◆ About this task
Word for word, restate the lines from the start of the data below through the line containing "Hi-Spec 8V Cordless".

═══

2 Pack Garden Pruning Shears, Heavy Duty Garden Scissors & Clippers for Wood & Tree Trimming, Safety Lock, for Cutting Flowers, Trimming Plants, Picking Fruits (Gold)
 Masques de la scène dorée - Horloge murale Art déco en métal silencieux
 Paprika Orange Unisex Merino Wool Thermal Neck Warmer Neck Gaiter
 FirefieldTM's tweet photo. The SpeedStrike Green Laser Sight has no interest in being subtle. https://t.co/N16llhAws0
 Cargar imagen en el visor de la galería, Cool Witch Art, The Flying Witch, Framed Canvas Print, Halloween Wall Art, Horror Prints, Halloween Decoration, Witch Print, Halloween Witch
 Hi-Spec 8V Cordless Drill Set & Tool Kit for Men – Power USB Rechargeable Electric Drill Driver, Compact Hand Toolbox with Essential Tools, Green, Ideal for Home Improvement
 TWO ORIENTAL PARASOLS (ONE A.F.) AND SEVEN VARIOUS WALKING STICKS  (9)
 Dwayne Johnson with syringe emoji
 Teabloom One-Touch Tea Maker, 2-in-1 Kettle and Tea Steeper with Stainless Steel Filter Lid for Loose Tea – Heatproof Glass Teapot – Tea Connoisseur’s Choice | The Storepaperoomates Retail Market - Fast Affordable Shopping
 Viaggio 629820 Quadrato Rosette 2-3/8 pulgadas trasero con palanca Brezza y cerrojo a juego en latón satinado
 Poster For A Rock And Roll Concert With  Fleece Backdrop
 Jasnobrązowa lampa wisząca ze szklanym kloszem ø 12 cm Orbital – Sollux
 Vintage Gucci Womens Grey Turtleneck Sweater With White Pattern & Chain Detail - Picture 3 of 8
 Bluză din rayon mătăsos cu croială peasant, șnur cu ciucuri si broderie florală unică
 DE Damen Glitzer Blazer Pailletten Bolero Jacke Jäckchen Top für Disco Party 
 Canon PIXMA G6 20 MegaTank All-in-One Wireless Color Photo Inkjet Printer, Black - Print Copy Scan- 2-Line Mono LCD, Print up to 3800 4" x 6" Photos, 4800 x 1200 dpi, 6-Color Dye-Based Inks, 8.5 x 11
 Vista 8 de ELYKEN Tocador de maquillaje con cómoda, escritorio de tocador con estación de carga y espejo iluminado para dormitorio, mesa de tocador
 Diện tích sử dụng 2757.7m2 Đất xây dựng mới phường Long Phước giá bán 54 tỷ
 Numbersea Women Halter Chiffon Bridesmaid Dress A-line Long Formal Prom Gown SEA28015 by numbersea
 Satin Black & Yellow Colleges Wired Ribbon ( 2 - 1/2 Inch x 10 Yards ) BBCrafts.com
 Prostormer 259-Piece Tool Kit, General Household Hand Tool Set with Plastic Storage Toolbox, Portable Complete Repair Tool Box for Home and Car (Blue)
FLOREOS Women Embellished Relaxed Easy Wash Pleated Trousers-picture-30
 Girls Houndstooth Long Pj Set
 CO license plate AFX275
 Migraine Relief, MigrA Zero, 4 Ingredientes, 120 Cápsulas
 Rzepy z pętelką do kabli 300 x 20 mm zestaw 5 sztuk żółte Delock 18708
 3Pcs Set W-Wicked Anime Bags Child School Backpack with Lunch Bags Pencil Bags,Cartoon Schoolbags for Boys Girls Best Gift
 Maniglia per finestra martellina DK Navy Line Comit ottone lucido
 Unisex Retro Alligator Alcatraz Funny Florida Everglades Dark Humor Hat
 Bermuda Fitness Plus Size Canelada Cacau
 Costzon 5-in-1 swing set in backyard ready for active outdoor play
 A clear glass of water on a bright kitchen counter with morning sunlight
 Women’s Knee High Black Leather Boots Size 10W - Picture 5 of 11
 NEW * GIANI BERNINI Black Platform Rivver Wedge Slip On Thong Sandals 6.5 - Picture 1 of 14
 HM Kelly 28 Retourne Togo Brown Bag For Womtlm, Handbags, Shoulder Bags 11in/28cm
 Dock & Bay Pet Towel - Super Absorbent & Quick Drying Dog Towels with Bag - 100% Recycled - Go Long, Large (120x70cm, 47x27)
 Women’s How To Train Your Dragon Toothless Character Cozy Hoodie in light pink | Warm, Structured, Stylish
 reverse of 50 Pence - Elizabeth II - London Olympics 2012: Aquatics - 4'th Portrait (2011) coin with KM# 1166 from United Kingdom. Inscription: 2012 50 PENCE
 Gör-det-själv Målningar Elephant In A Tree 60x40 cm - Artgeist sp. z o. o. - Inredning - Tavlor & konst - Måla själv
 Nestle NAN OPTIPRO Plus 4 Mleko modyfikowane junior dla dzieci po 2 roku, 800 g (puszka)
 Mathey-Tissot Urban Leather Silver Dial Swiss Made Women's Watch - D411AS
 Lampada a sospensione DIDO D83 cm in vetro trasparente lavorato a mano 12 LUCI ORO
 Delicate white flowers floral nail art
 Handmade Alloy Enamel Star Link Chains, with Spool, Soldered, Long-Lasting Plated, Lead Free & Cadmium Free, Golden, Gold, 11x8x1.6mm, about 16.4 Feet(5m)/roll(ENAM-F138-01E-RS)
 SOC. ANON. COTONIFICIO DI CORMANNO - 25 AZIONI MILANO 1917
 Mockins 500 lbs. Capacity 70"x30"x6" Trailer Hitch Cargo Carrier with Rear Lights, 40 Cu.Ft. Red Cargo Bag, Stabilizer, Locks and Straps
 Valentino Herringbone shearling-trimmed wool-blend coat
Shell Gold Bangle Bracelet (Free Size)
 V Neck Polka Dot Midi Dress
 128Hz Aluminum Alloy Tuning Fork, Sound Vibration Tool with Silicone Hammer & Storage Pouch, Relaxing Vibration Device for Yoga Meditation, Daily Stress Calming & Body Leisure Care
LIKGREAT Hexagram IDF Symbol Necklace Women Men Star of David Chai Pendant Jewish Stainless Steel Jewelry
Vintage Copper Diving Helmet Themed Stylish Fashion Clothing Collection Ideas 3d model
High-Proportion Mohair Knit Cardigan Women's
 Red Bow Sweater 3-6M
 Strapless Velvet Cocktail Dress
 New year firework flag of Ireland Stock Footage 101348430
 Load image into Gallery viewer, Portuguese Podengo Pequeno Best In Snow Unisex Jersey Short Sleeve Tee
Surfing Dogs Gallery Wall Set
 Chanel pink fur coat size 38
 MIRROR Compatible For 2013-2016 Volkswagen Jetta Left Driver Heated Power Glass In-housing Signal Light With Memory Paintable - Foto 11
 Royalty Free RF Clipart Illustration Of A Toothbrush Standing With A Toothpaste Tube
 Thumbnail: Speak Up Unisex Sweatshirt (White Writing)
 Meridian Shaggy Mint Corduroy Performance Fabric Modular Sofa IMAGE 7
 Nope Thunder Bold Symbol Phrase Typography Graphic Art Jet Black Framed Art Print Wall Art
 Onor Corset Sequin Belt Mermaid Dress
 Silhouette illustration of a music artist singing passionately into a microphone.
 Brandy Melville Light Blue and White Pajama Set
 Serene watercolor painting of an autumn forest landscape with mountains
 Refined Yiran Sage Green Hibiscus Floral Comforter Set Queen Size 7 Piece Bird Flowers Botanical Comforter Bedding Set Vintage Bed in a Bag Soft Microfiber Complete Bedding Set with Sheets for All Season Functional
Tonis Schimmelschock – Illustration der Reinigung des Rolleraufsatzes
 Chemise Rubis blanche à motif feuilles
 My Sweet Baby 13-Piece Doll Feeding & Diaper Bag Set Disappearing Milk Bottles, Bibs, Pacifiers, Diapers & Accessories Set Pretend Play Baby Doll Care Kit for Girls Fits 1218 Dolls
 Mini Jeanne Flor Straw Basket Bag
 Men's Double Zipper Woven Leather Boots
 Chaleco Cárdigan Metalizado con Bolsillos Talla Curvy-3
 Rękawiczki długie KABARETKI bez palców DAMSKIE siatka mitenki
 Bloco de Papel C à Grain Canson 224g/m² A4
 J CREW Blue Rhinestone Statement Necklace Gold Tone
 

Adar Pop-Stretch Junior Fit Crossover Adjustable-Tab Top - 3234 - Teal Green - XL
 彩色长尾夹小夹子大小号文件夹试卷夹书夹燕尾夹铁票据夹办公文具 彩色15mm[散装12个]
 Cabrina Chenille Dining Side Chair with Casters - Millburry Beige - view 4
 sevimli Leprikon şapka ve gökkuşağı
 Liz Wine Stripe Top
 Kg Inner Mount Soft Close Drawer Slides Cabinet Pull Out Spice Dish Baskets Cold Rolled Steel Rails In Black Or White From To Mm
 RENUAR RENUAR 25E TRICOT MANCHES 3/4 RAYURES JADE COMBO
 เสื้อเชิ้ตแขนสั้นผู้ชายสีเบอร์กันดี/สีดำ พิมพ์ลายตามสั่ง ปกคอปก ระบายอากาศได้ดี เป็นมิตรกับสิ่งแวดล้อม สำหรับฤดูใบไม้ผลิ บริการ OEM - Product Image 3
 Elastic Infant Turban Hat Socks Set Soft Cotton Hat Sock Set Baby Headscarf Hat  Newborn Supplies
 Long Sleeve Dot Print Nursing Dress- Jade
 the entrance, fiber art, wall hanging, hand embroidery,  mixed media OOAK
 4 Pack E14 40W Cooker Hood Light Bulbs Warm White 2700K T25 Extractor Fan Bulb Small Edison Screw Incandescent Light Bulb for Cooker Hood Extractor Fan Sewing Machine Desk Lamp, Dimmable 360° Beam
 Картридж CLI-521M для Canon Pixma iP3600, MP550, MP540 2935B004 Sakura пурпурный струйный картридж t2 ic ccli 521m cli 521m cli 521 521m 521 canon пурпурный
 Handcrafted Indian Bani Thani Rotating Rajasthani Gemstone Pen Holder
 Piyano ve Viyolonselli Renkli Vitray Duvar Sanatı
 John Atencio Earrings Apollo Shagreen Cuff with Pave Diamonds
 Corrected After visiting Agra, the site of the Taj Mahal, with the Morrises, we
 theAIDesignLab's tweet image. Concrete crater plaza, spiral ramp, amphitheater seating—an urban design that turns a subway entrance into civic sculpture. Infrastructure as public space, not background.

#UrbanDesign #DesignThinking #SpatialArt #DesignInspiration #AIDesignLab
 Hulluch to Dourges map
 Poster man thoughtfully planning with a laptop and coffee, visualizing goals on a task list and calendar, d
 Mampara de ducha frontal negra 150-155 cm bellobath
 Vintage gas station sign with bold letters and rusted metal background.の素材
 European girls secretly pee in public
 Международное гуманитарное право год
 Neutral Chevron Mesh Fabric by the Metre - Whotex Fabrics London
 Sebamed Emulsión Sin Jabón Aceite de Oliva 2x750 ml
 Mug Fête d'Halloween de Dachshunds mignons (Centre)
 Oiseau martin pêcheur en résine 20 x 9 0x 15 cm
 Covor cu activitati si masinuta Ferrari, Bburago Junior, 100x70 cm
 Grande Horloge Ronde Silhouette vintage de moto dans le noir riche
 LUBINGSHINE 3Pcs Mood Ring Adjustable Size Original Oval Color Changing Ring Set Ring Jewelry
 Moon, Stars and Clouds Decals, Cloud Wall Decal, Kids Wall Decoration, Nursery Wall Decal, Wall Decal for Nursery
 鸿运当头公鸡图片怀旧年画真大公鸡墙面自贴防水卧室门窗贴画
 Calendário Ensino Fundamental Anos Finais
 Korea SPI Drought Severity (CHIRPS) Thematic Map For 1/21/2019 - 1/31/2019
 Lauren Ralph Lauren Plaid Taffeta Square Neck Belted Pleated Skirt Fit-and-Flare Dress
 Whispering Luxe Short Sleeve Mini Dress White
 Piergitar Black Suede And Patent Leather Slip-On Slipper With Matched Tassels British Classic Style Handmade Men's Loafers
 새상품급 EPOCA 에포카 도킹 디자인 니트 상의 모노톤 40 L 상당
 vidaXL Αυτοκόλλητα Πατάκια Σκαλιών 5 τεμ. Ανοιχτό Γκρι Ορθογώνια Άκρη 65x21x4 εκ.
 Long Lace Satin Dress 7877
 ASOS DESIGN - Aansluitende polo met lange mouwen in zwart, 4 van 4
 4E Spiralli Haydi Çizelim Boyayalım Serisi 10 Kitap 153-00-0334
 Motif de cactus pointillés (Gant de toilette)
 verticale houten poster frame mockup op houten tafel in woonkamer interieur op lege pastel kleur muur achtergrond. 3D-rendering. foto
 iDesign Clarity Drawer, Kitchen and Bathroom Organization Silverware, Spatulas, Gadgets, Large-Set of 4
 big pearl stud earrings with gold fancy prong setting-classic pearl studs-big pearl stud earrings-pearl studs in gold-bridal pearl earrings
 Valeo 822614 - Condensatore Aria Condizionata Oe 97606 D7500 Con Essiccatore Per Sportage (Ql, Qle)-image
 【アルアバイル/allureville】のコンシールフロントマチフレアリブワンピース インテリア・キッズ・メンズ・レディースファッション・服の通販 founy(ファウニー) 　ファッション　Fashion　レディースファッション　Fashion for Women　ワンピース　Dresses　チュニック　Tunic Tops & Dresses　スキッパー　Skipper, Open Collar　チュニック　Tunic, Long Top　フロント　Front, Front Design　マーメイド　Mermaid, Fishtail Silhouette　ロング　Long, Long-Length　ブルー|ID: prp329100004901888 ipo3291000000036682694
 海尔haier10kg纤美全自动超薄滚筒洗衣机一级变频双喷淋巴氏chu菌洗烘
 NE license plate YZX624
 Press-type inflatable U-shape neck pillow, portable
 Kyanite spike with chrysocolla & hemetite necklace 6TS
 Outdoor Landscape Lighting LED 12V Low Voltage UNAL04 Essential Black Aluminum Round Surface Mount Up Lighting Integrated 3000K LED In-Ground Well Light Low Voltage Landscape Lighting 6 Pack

═══

◆ Response below
2 Pack Garden Pruning Shears, Heavy Duty Garden Scissors & Clippers for Wood & Tree Trimming, Safety Lock, for Cutting Flowers, Trimming Plants, Picking Fruits (Gold)
 Masques de la scène dorée - Horloge murale Art déco en métal silencieux
 Paprika Orange Unisex Merino Wool Thermal Neck Warmer Neck Gaiter
 FirefieldTM's tweet photo. The SpeedStrike Green Laser Sight has no interest in being subtle. https://t.co/N16llhAws0
 Cargar imagen en el visor de la galería, Cool Witch Art, The Flying Witch, Framed Canvas Print, Halloween Wall Art, Horror Prints, Halloween Decoration, Witch Print, Halloween Witch
 Hi-Spec 8V Cordless Drill Set & Tool Kit for Men – Power USB Rechargeable Electric Drill Driver, Compact Hand Toolbox with Essential Tools, Green, Ideal for Home Improvement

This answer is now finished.